Control Share Acquisitions.  The provisions of NRS 78.378 to 78.3793, inclusive, are not applicable to the Corporation.

ARTICLE VII

Written Consent to Action by Shareholders.  Any action required to be taken at a meeting of the shareholders, or any other action which may be taken at a meeting of the shareholders, may be taken without a meeting, if a consent in writing, setting forth the action so taken, shall be signed by shareholders holding at least a majority of the voting power, except that if a different proportion of voting power is required for such an action at a meeting, then that proportion of written consents is required.
ARTICLE VIII

Indemnification of Directors and Executive Officers.  To the fullest extent allowed by law, the directors and executive officers of the Corporation shall be entitled to indemnification from the Corporation for acts and omissions taking place in connection with their activities in such capacities.

 
 

 

Limitation of Liability for Directors and Executive Officers.  A director of the Corporation shall not be personally liable to the Corporation or its shareholders for monetary damages for breach of fiduciary duty as a director if he (i) is not liable under NRS 78.138, or (ii) acted in good faith and in a manner which he reasonably believed to be in or not opposed to the best interests of the Corporation, and with respect to any criminal action or proceeding, had no reasonable cause to believe his conduct was unlawful.

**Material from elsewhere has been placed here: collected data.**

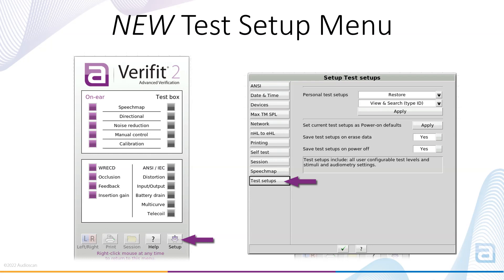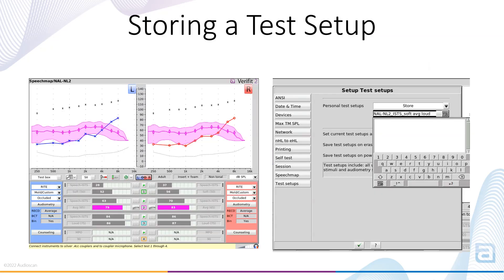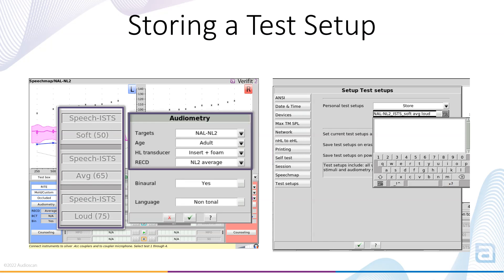From here, you are able to store a test setup, restore a test setup, or remove test setups you no longer need. To store a test setup, configure SpeechMap with the stimuli and input levels you would like to save. Next, select Audiometry and choose the targets, age, HL transducer, and RECD settings you would like to save.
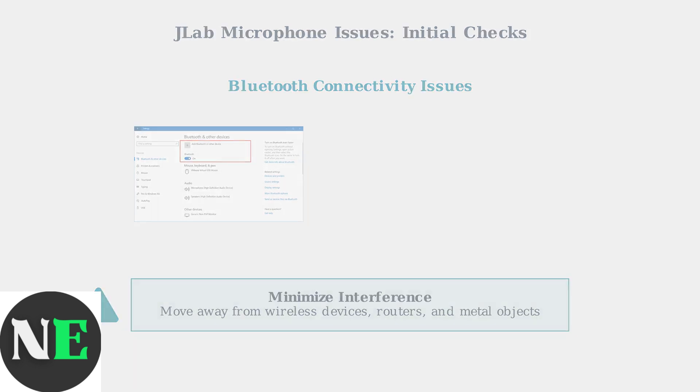These initial checks resolve most JLAB microphone issues. If problems persist, advanced troubleshooting steps including firmware updates and factory resets may be needed.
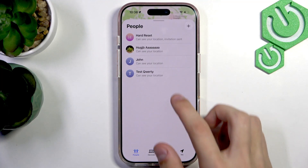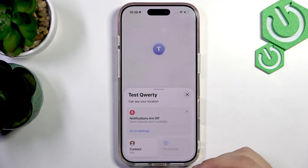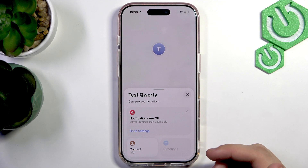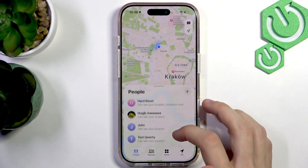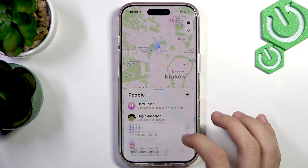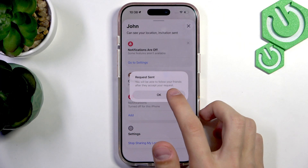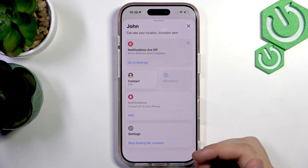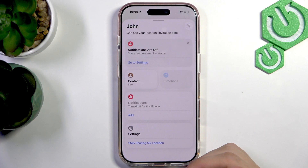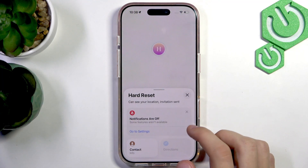As you can see, they're added right here and now they can see your location. If they check their phone and their account, they will see the location of your phone. You can also request their location by selecting this person in the People tab again and pressing Request Location. It's going to send a notification to them, and they have to confirm that notification for you to be able to see their location. And that is pretty much it.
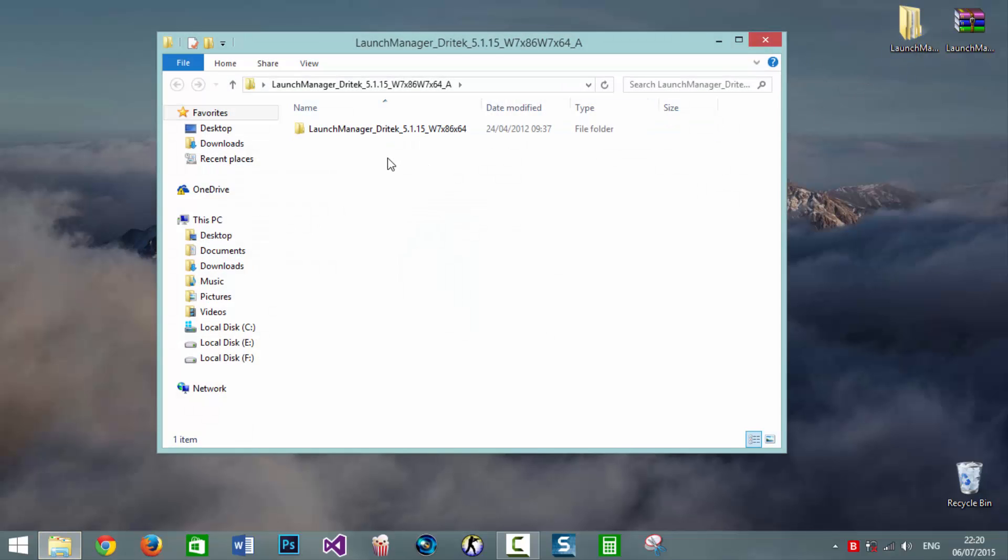We installed Windows 7 version and made it work in compatibility mode for Windows 7. That's because on Windows 7 Launch Manager works just fine. That's why we need to install Windows 7 version and to make it work properly on Windows 8 and later versions we need to make it work in compatibility mode for Windows 7.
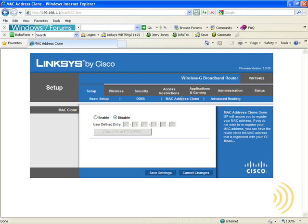And what this allows us to do is with the click of a button simply, as it says, clone your PC's MAC address.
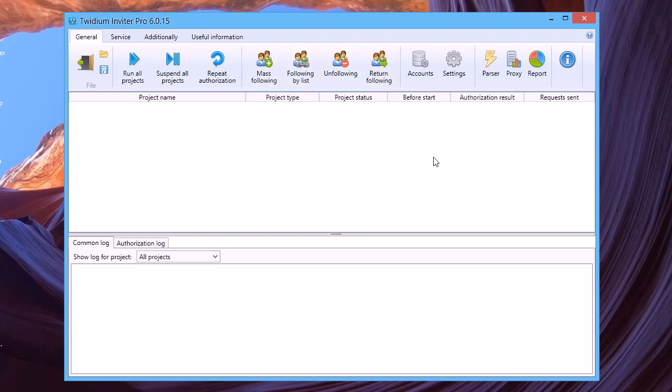More information for each account and Twidium Inviter settings you can find in Help on our site after clicking the Help button. Thank you.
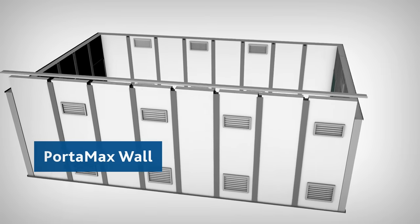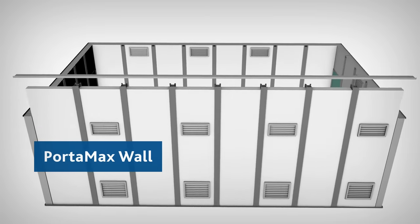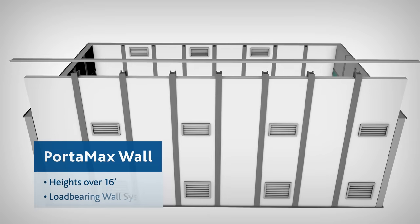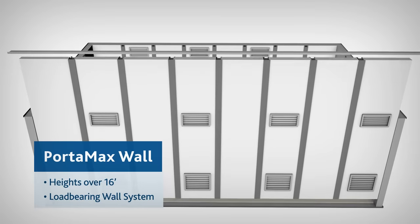Our Portamax wall system can be used for reaching heights over 16 feet or as a load-bearing wall system.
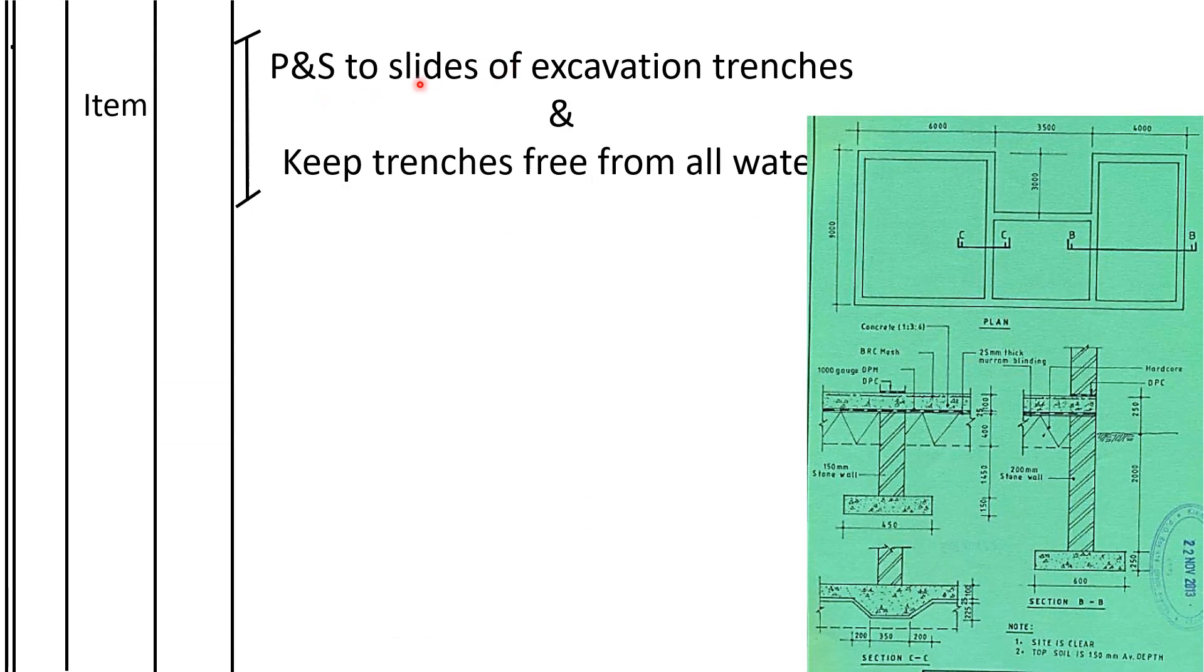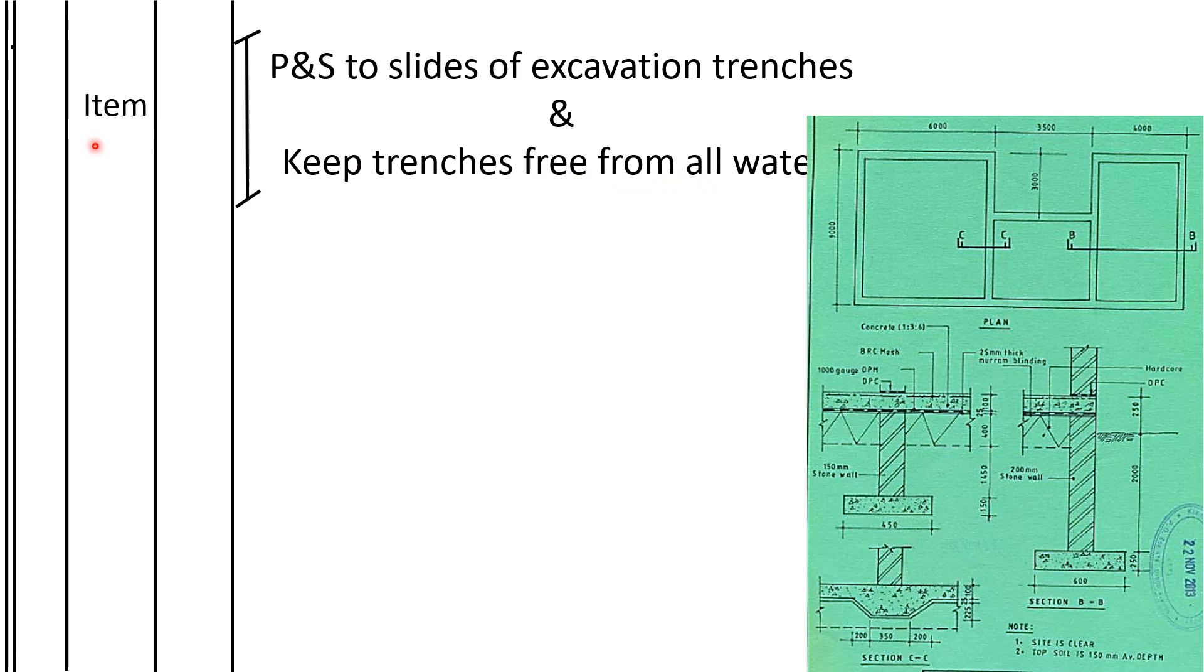Alright, so we go to planking and starting the excavation trenches. We need to support them. This one we usually write item together with keeping the trenches out of water. We write item because in the BQ we shall allocate a provisional sum which can change when we get to site, so we take it off as item.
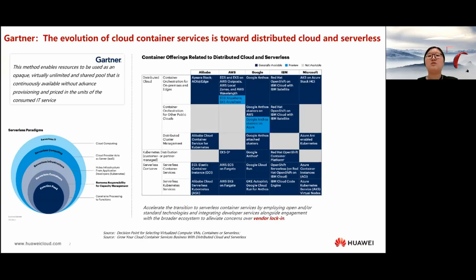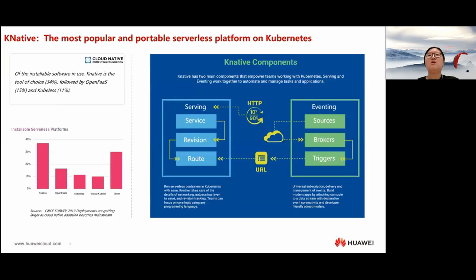As you can see from this slide, some vendors have released multiple serverless container services, for example AWS Fargate and Google Cloud Run. The main concern about serverless FaaS is vendor lock-in, and Knative is designed to eliminate it. Knative is the most popular serverless platform according to the CNCF Survey 2019, more popular than the second one on the list. Of the installable software in use, Knative is the tool of choice, followed by OpenFaaS and Kubernetes. Knative has two components: serving and eventing. They work together to automate and manage tasks and applications.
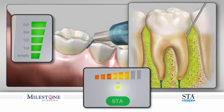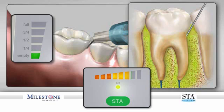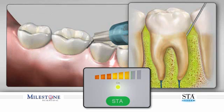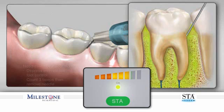To determine the amount of anesthetic solution dispensed, you can view the vertical green LED volume gauge in the upper left corner of the STA. As the green LED light dims, you will hear a corresponding louder tone at each quarter cartridge.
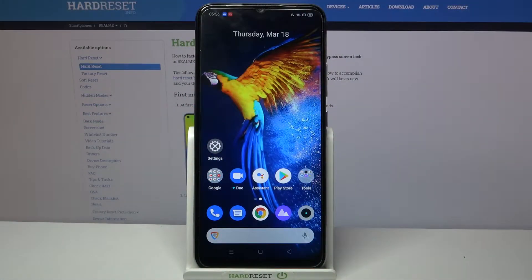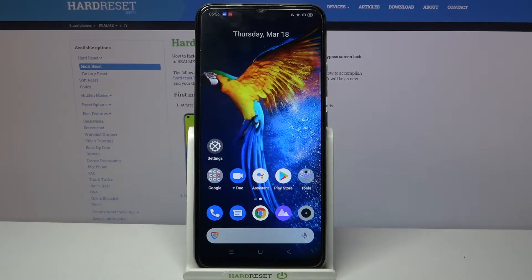Hi! In front of me is Realme 7i and today I would like to show you how you can download and apply an animated wallpaper called Magic Fluids.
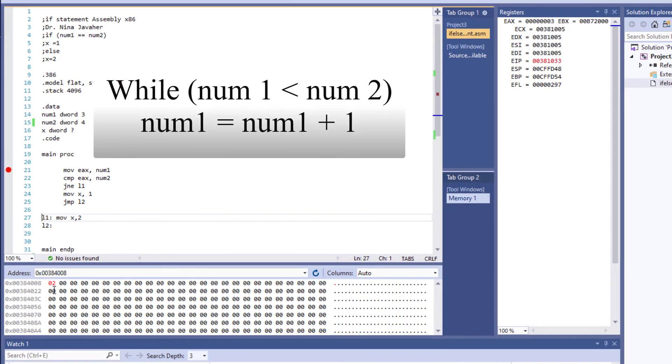Up next, let's practice loops and find out how we can use a while loop to compare the variables num1 and num2, and increment num1 should num1 be less than num2.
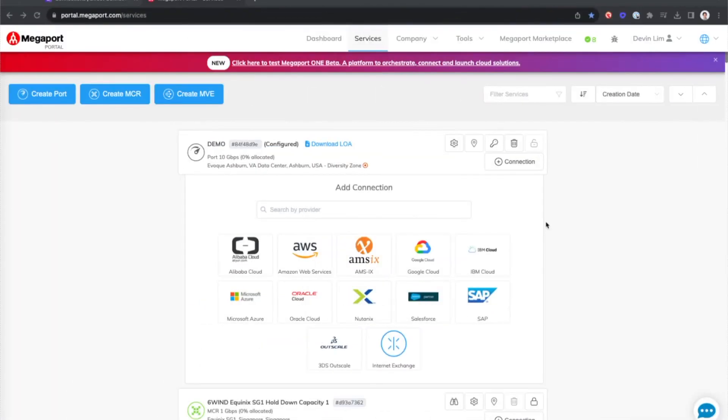Alright, so I'm in the portal now. I have my port here in Ashburn, Virginia and I'm gonna select AWS on the tiles right here.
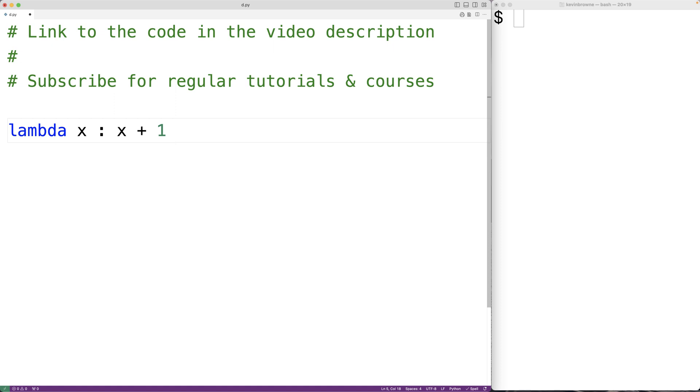Now, lambda functions are anonymous. That means they don't actually have a name. We could optionally assign this lambda function to a variable to effectively give it that name.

If the NRS, or any other applicable law, is amended to authorize Corporation action further eliminating or limiting the personal liability of directors, then the liability of a director of the Corporation shall be eliminated or limited to the fullest extent permitted by the NRS, or any other applicable law, as so amended. Any repeal or modification of this Article by the shareholders of the Corporation shall not adversely affect any right or protection of a director of the Corporation existing at the time of such repeal or modification.